» **WHAT THE EXERCISE ASKS**:
What is wanted is every line below from the one with "Lauren Fix on CNN- GM going Bankrupt?" up to and including the one with "A. V. Zogg Middle", retyped exactly, pictures excluded, nothing else.

» **Brief descriptive captions**:

Start of Block

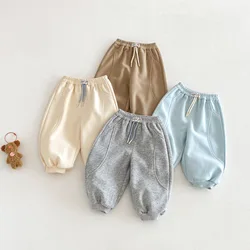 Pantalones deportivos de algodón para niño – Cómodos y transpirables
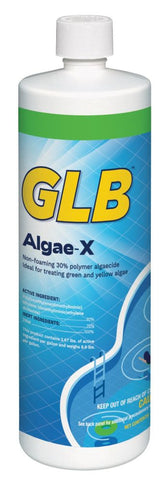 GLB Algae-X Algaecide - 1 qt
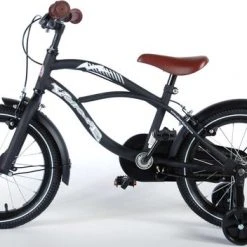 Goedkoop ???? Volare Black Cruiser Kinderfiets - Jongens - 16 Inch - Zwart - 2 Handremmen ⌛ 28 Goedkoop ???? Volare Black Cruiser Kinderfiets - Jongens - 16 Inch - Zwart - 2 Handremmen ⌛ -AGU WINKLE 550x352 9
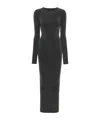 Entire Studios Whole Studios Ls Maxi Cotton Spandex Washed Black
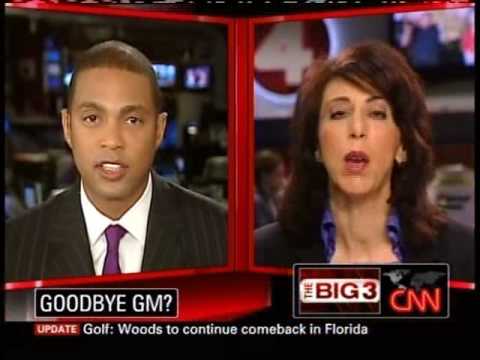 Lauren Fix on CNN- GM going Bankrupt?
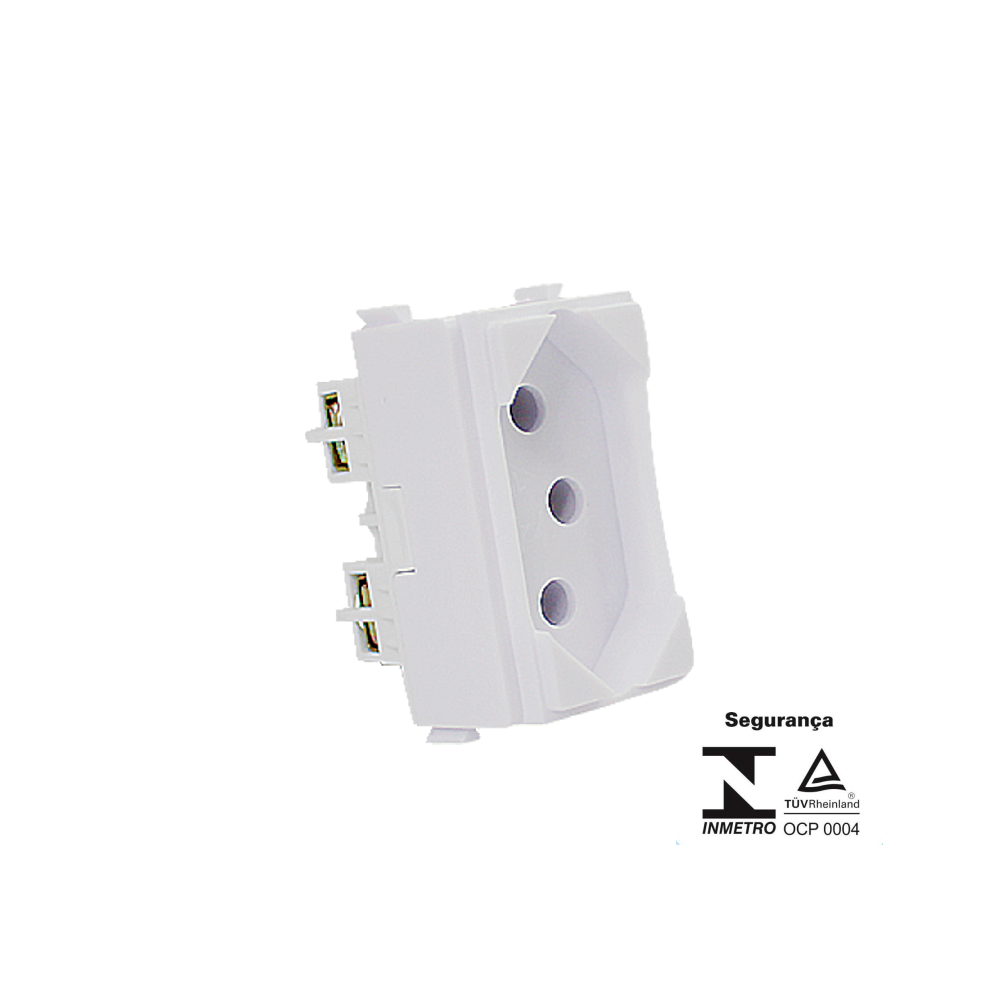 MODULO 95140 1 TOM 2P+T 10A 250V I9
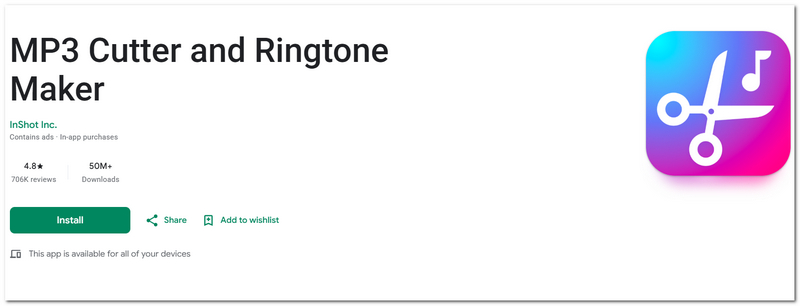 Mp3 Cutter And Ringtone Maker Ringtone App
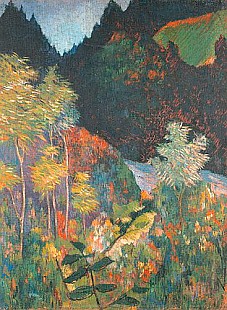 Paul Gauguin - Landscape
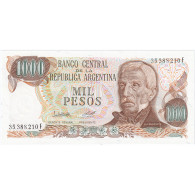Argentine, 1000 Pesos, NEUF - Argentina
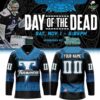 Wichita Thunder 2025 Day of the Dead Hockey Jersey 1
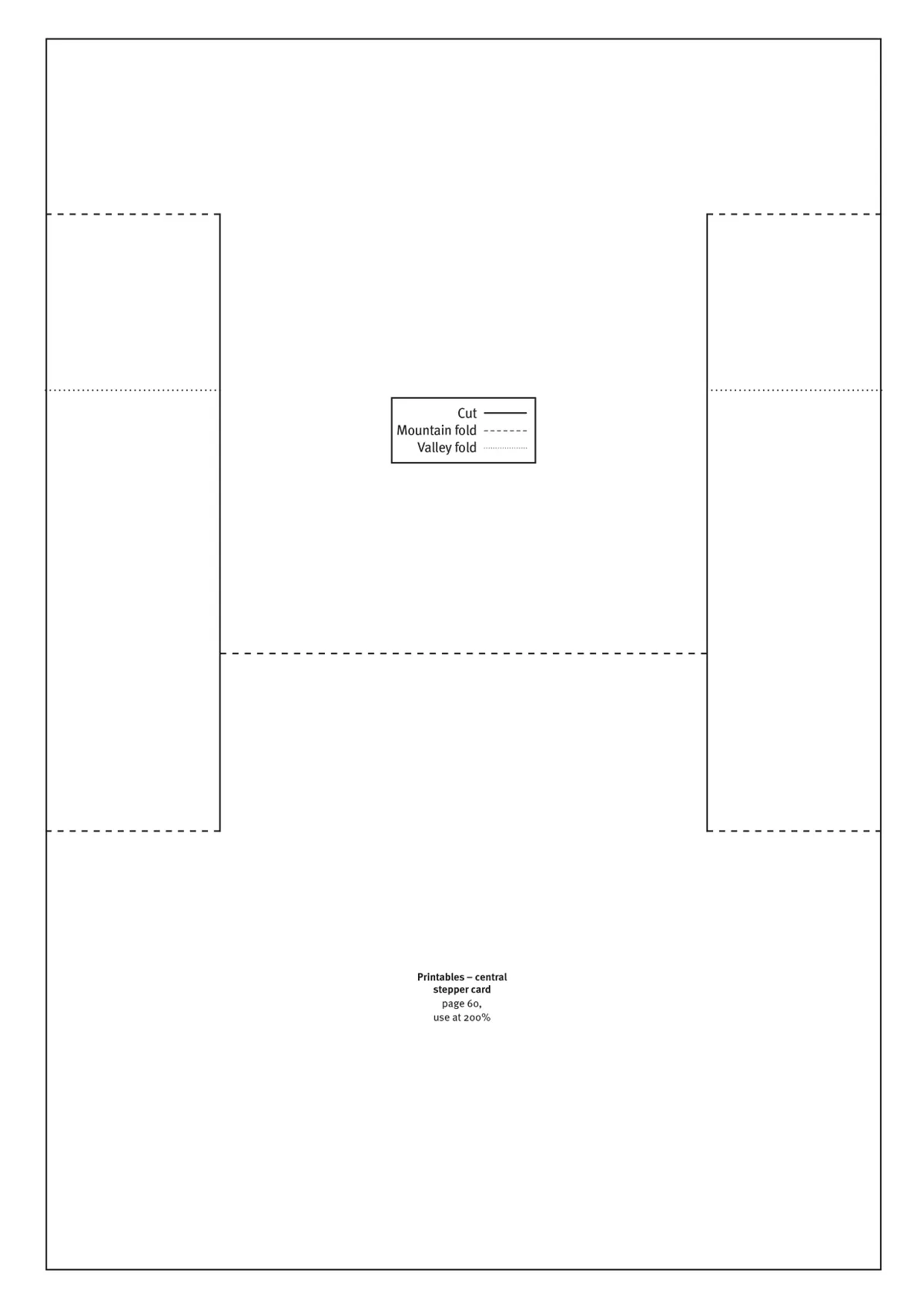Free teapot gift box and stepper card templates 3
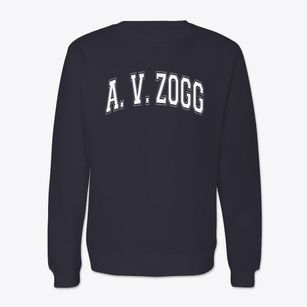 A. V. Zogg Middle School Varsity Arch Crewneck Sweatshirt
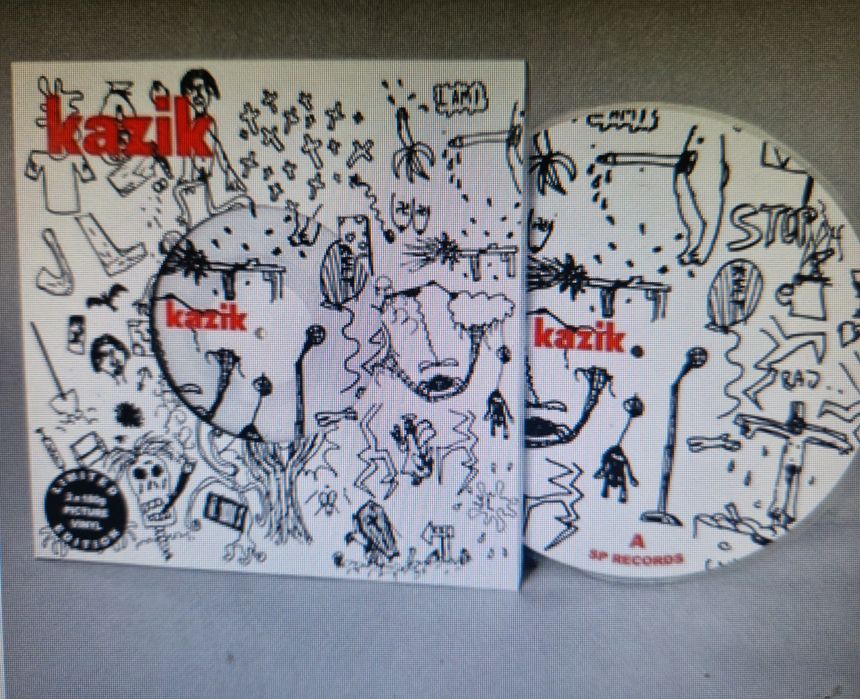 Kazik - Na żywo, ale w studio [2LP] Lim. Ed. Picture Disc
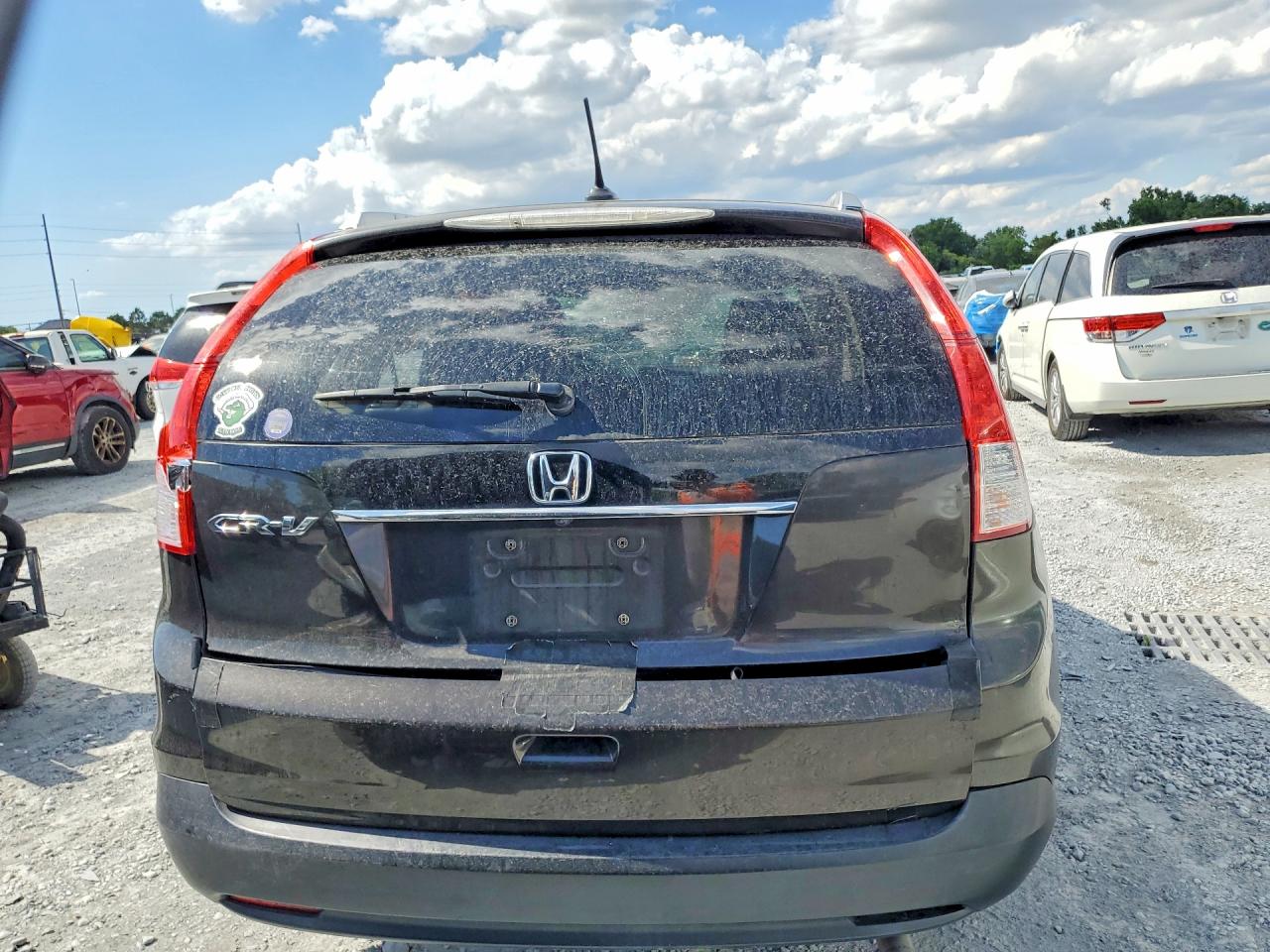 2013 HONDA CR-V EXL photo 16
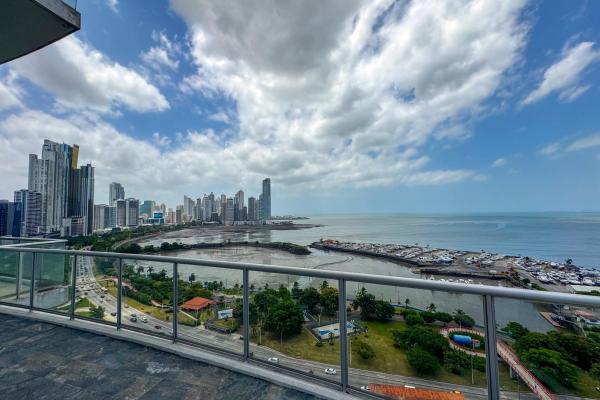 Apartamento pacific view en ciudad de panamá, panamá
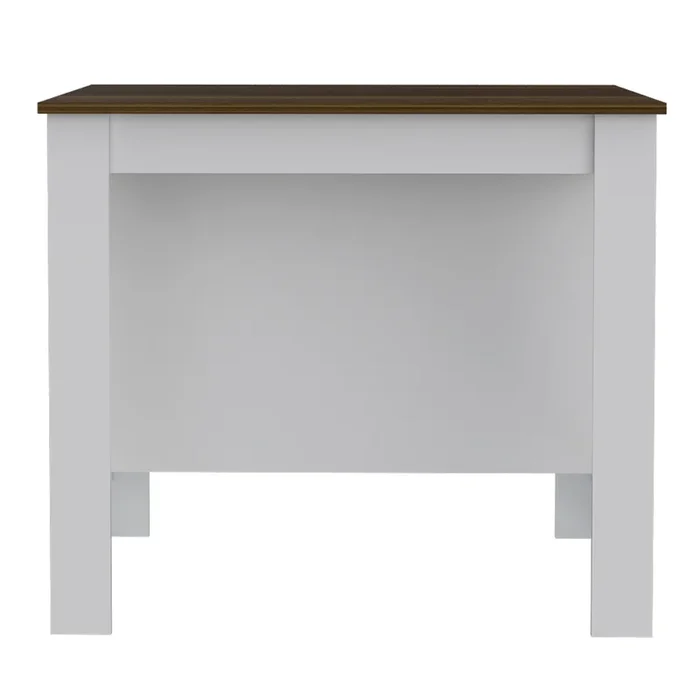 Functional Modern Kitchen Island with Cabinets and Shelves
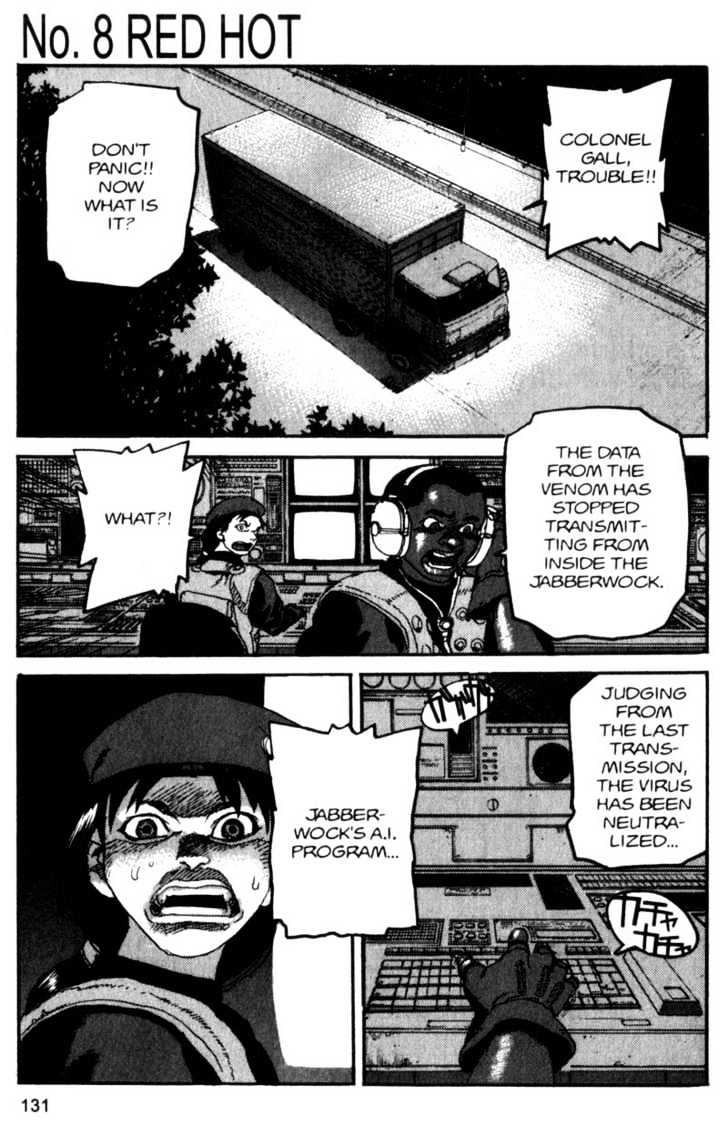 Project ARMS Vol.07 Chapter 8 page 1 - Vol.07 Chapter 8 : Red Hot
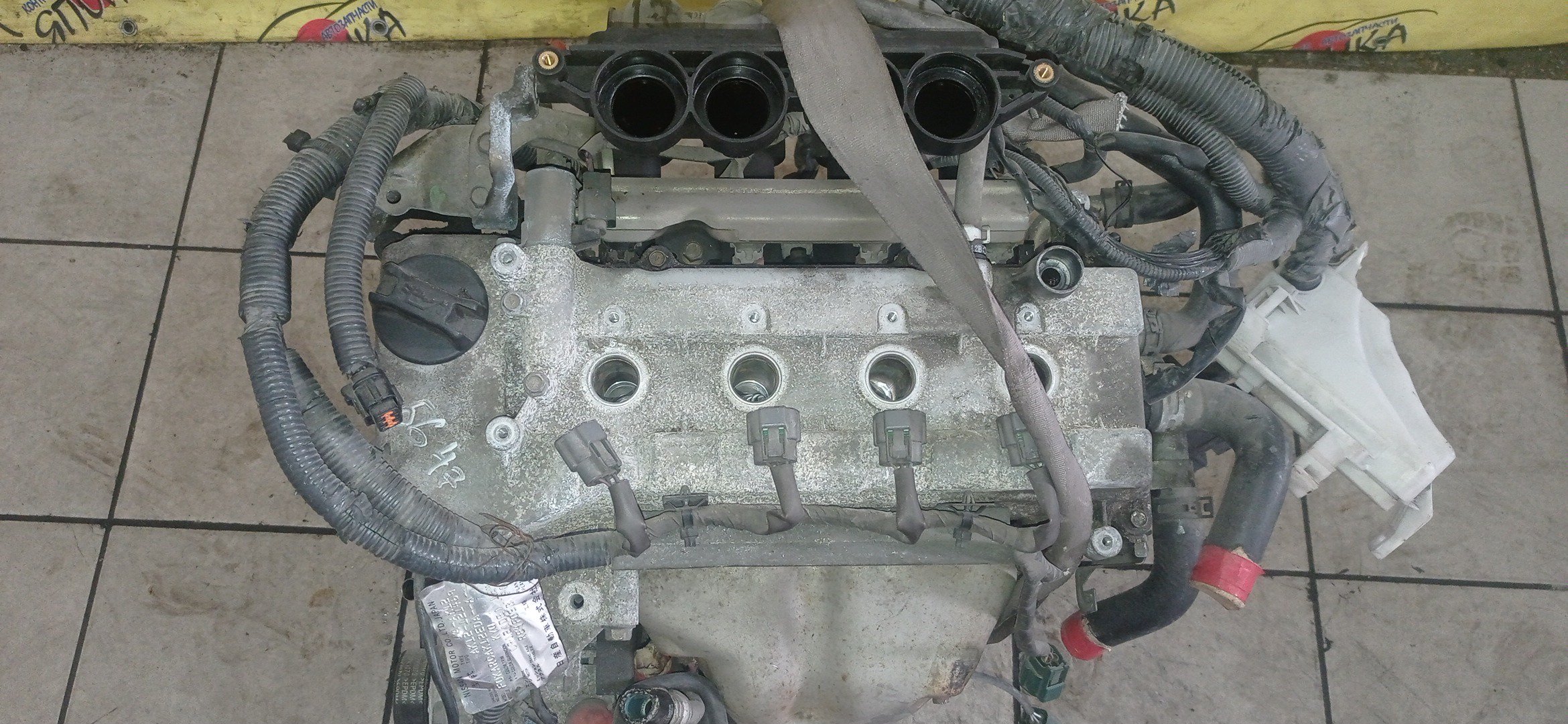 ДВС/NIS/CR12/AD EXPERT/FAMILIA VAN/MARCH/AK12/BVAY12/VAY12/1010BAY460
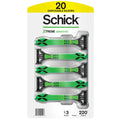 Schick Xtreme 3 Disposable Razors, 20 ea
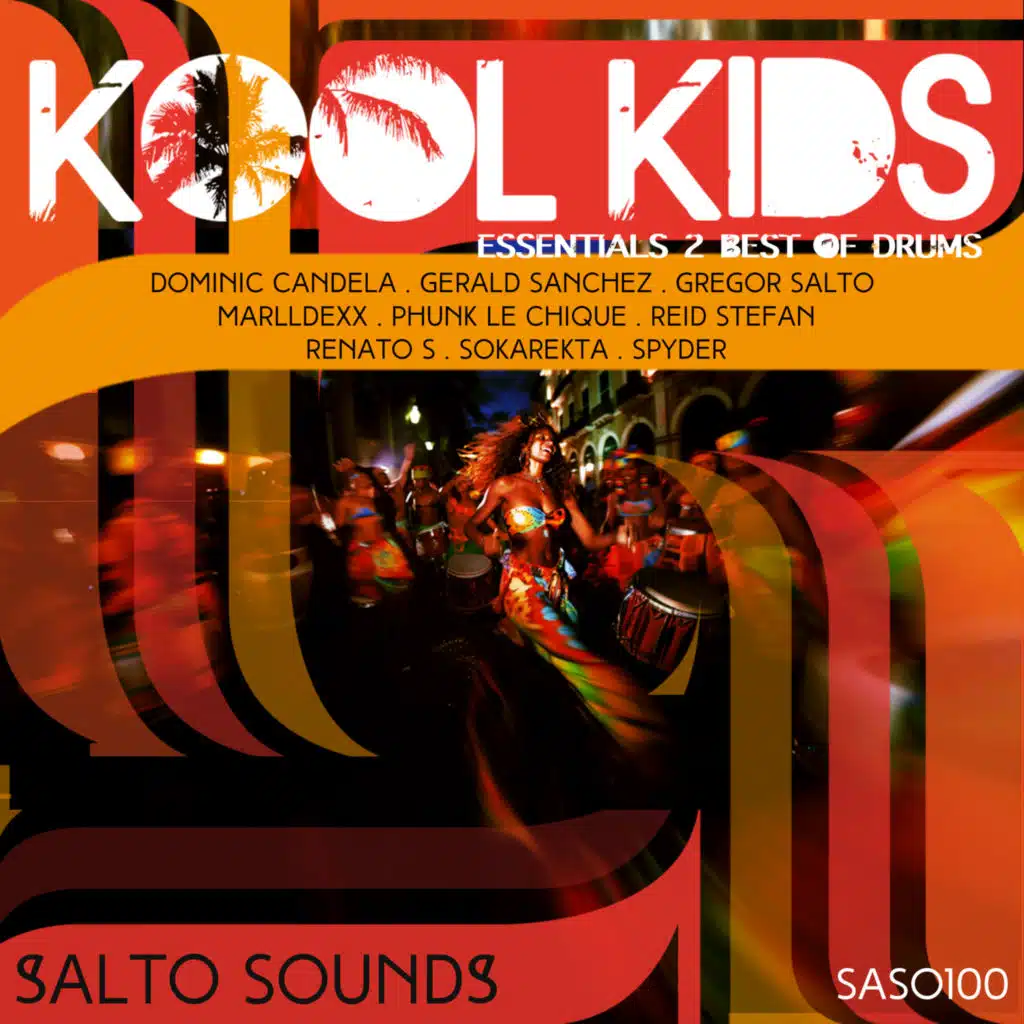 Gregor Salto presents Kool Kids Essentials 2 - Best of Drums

End of Block

» **EXERCISE RESPONSE**:
 Lauren Fix on CNN- GM going Bankrupt?
 MODULO 95140 1 TOM 2P+T 10A 250V I9
 Mp3 Cutter And Ringtone Maker Ringtone App
 Paul Gauguin - Landscape
Argentine, 1000 Pesos, NEUF - Argentina
 Wichita Thunder 2025 Day of the Dead Hockey Jersey 1
Free teapot gift box and stepper card templates 3
 A. V. Zogg Middle School Varsity Arch Crewneck Sweatshirt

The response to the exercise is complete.